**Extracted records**
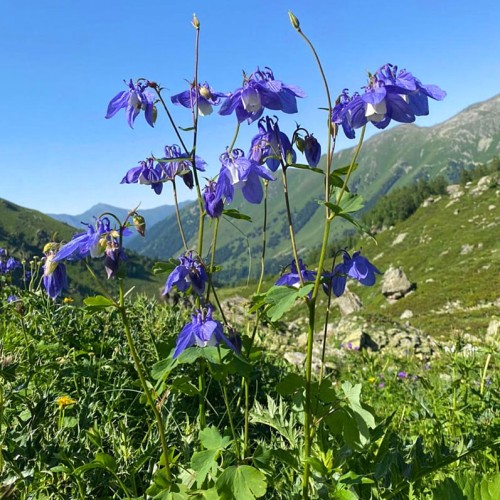 Больше треккинга и озёр в Архызе: без рюкзаков и с проживанием в гостинице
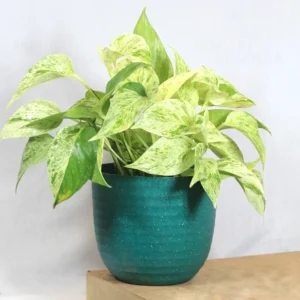 Buy Marbale Queen Pothos – Money plant from nursery nisarga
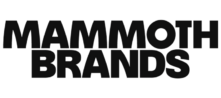 Mammoth Company Logo Executive Search Placement.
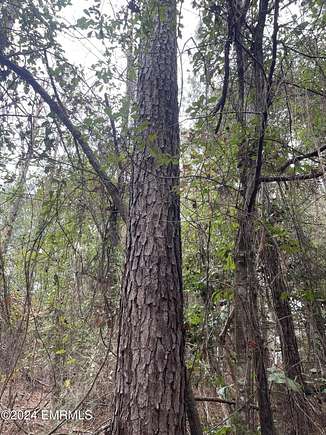 317 Acres of Recreational Land for Sale in Quitman, Mississippi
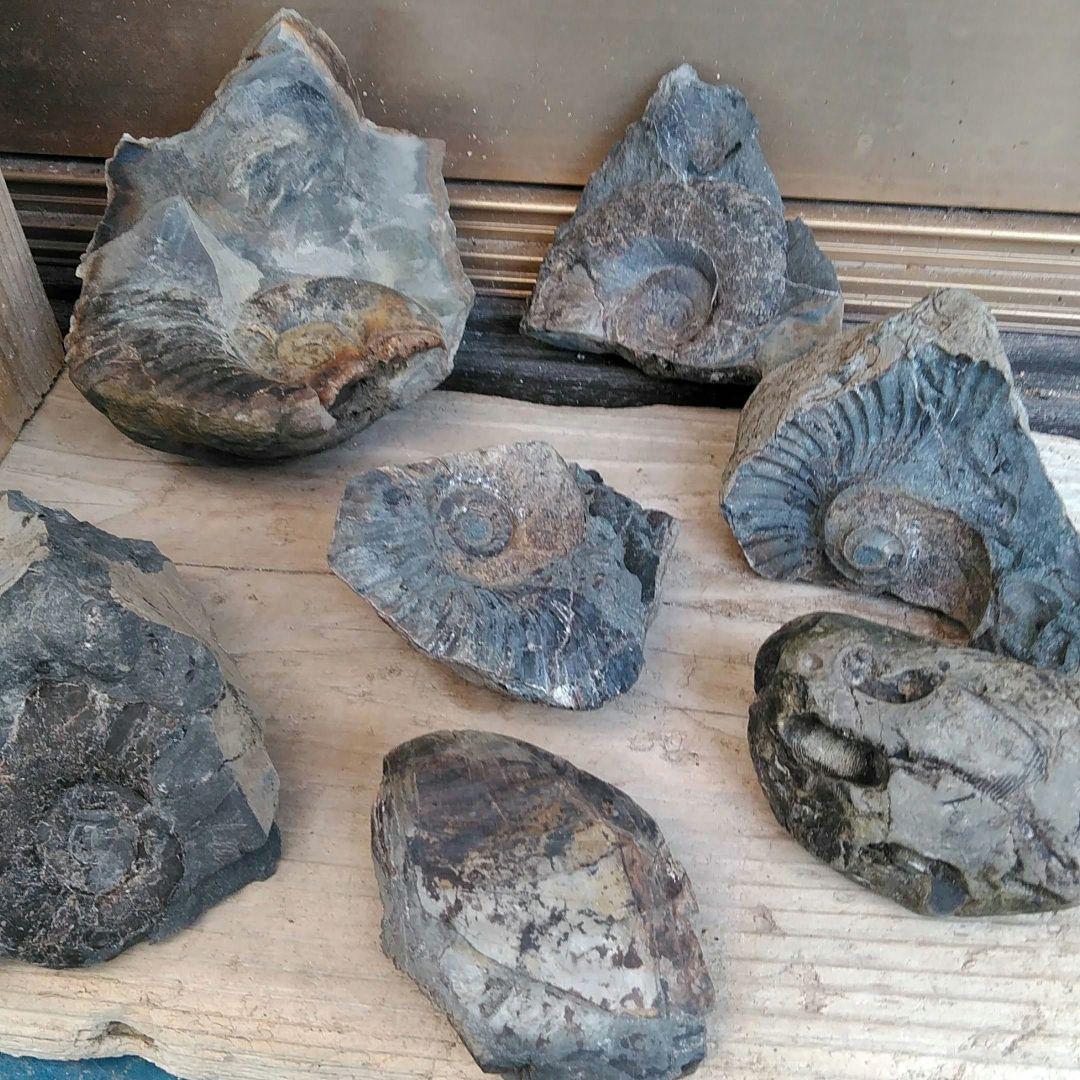 化石　標本　ノジュール原石　アンモナイト　国産　球状コンクリーション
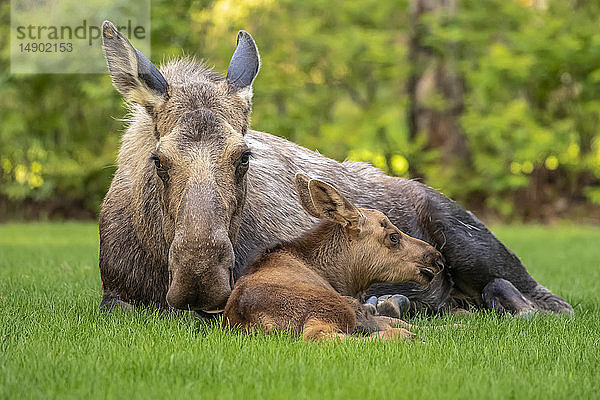 Elchkuh (Alces alces) mit Kalb ruht auf grünem Gras in East Anchorage  Alaskas staatliches Säugetier  Süd-Zentral-Alaska; Alaska  Vereinigte Staaten von Amerika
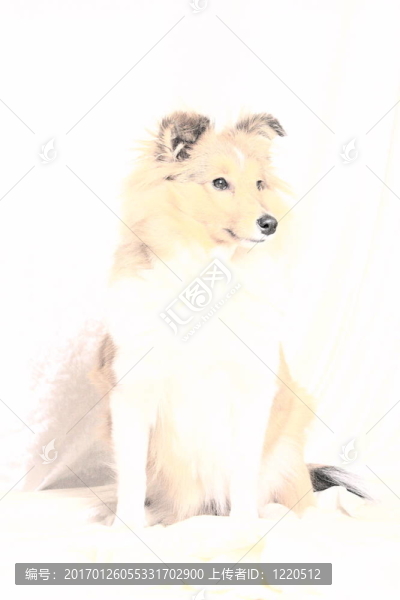 喜樂蒂牧羊犬坐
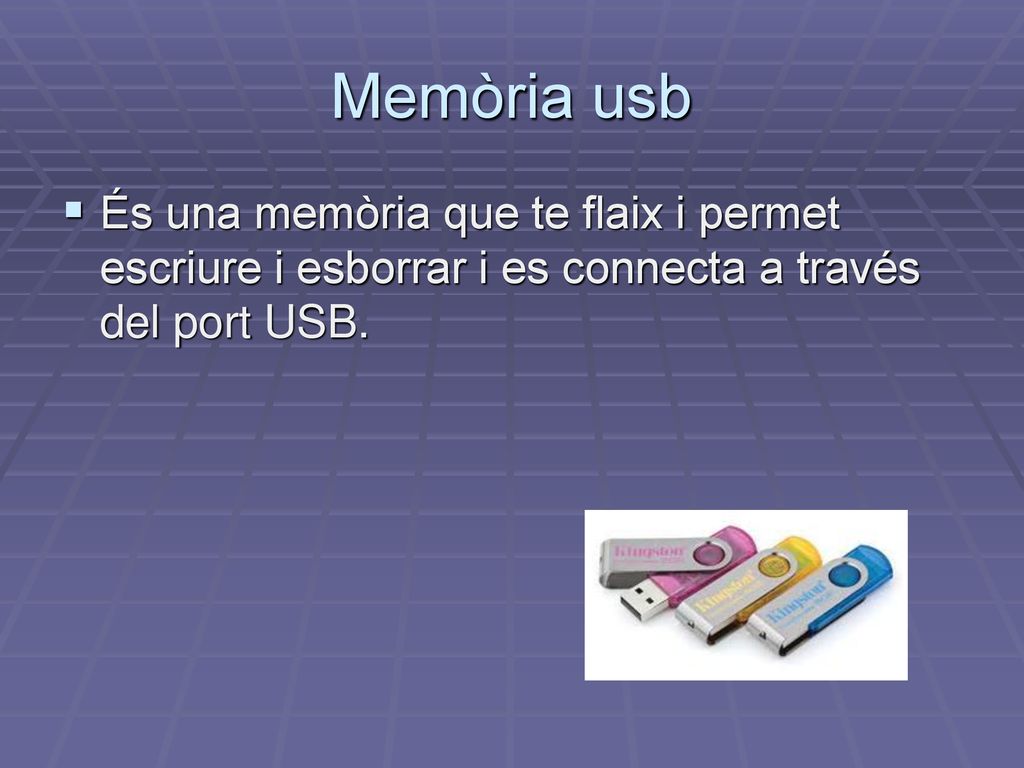 Memòria usb És una memòria que te flaix i permet escriure i esborrar i es connecta a través del port USB.
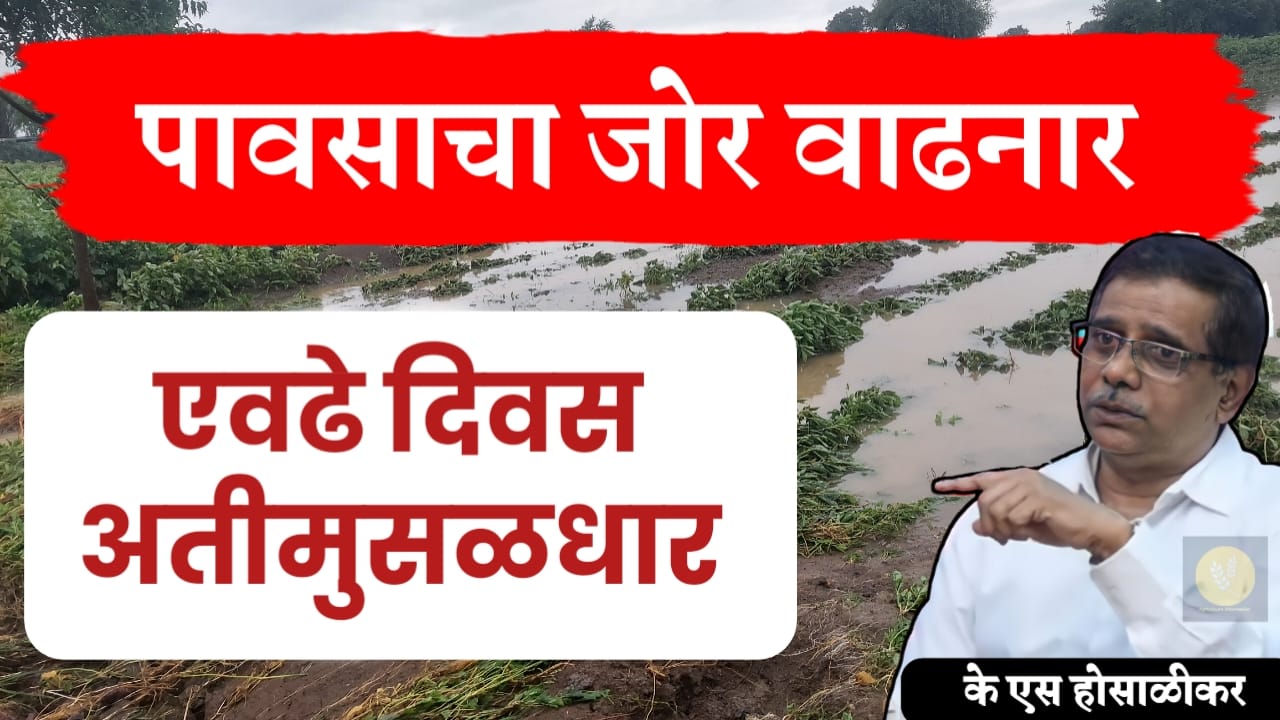 राज्यात पावसाचा जोर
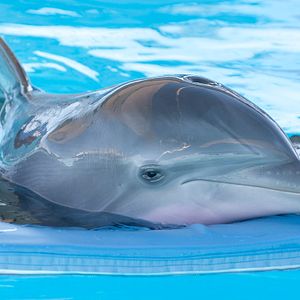 Foto La gran aventura de Winter el delfín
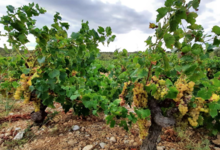 Le domaine du vieux Genévrier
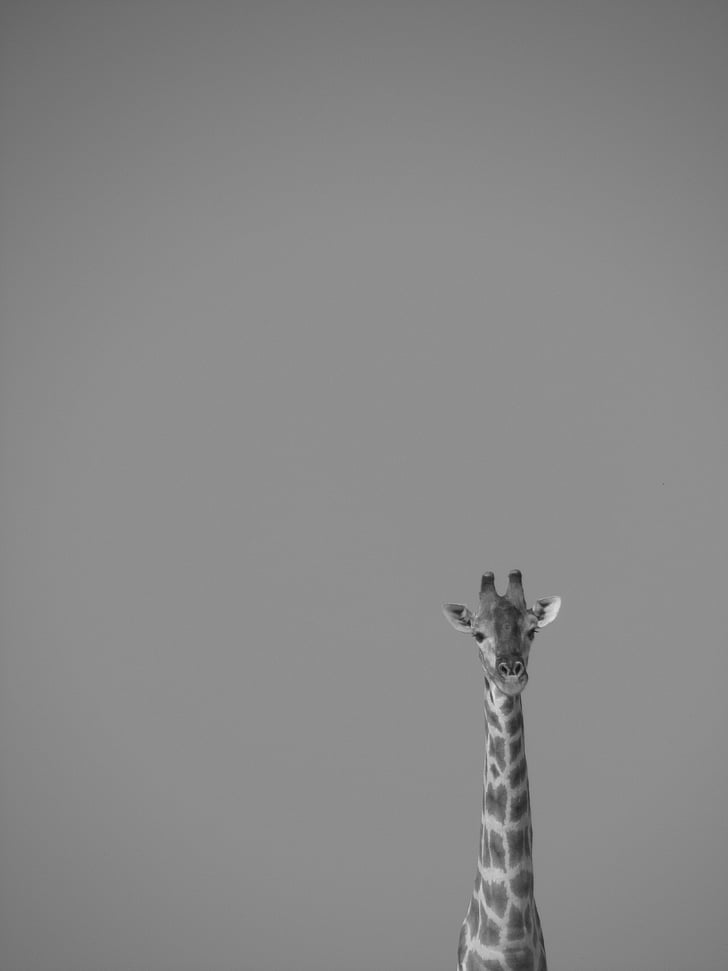africano, animale, in bianco e nero, giraffa, erbivori, mammifero, animale selvatico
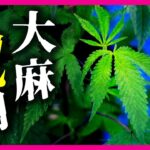 【若者の大麻乱用深刻化】検挙者7割が30歳未満　75年ぶりに“大麻取締法”が大幅改正へ　“治療のため”の大麻草使用・栽培はOKに　菊地弁護士が解説｜2023年11月2日放送〈カンテレNEWS〉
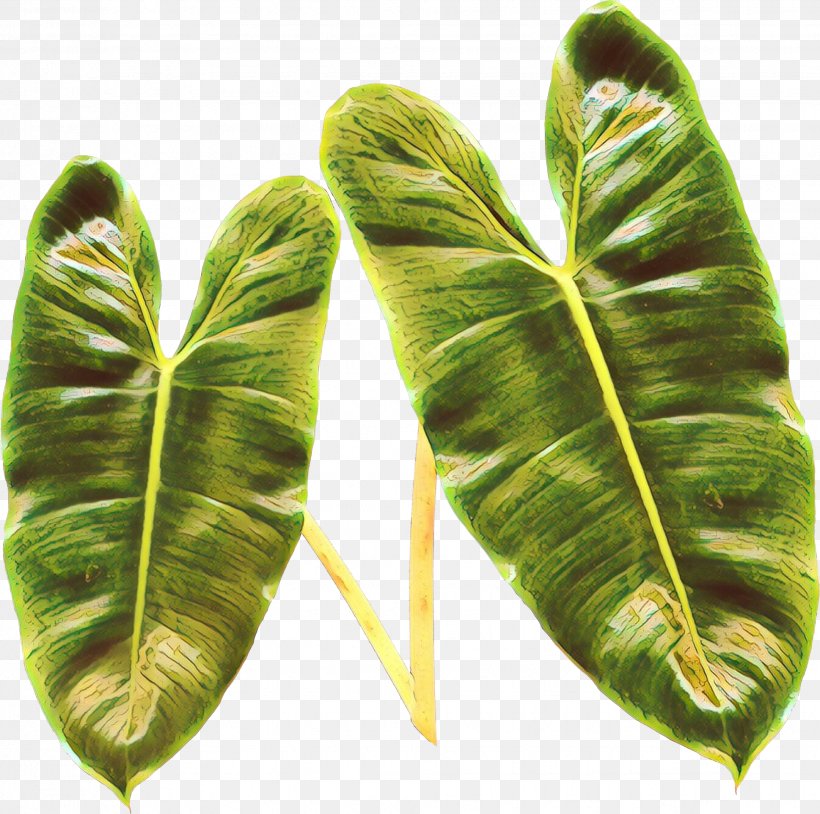 Feather, PNG, 1938x1926px, Cartoon, Chard, Feather, Flower, Leaf Download Free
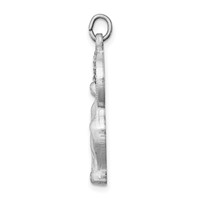 Sterling Silver Platinum-plated Polished & Satin CZ Miraculous Medal Pendan view 2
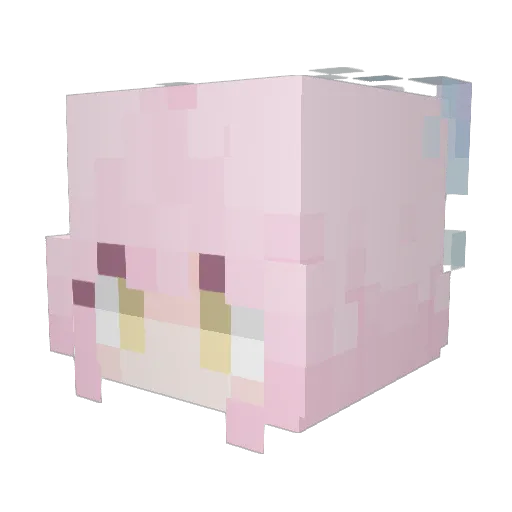 YellowSky117 Minecraft avatar head, 3D render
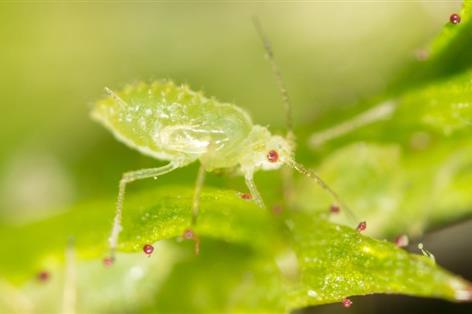 BASF launches aphid predator attractant for UK crops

**Exercise objective**
Every line above is to be repeated exactly, but no picture is to appear in the copy.

**Response to the task**
 Больше треккинга и озёр в Архызе: без рюкзаков и с проживанием в гостинице
 Buy Marbale Queen Pothos – Money plant from nursery nisarga
 Mammoth Company Logo Executive Search Placement.
 317 Acres of Recreational Land for Sale in Quitman, Mississippi
 化石　標本　ノジュール原石　アンモナイト　国産　球状コンクリーション
 Elchkuh (Alces alces) mit Kalb ruht auf grünem Gras in East Anchorage  Alaskas staatliches Säugetier  Süd-Zentral-Alaska; Alaska  Vereinigte Staaten von Amerika
 喜樂蒂牧羊犬坐
 Memòria usb És una memòria que te flaix i permet escriure i esborrar i es connecta a través del port USB.
 राज्यात पावसाचा जोर
 Foto La gran aventura de Winter el delfín
 Le domaine du vieux Genévrier
africano, animale, in bianco e nero, giraffa, erbivori, mammifero, animale selvatico
 【若者の大麻乱用深刻化】検挙者7割が30歳未満　75年ぶりに“大麻取締法”が大幅改正へ　“治療のため”の大麻草使用・栽培はOKに　菊地弁護士が解説｜2023年11月2日放送〈カンテレNEWS〉
 Feather, PNG, 1938x1926px, Cartoon, Chard, Feather, Flower, Leaf Download Free
 Sterling Silver Platinum-plated Polished & Satin CZ Miraculous Medal Pendan view 2
 YellowSky117 Minecraft avatar head, 3D render
 BASF launches aphid predator attractant for UK crops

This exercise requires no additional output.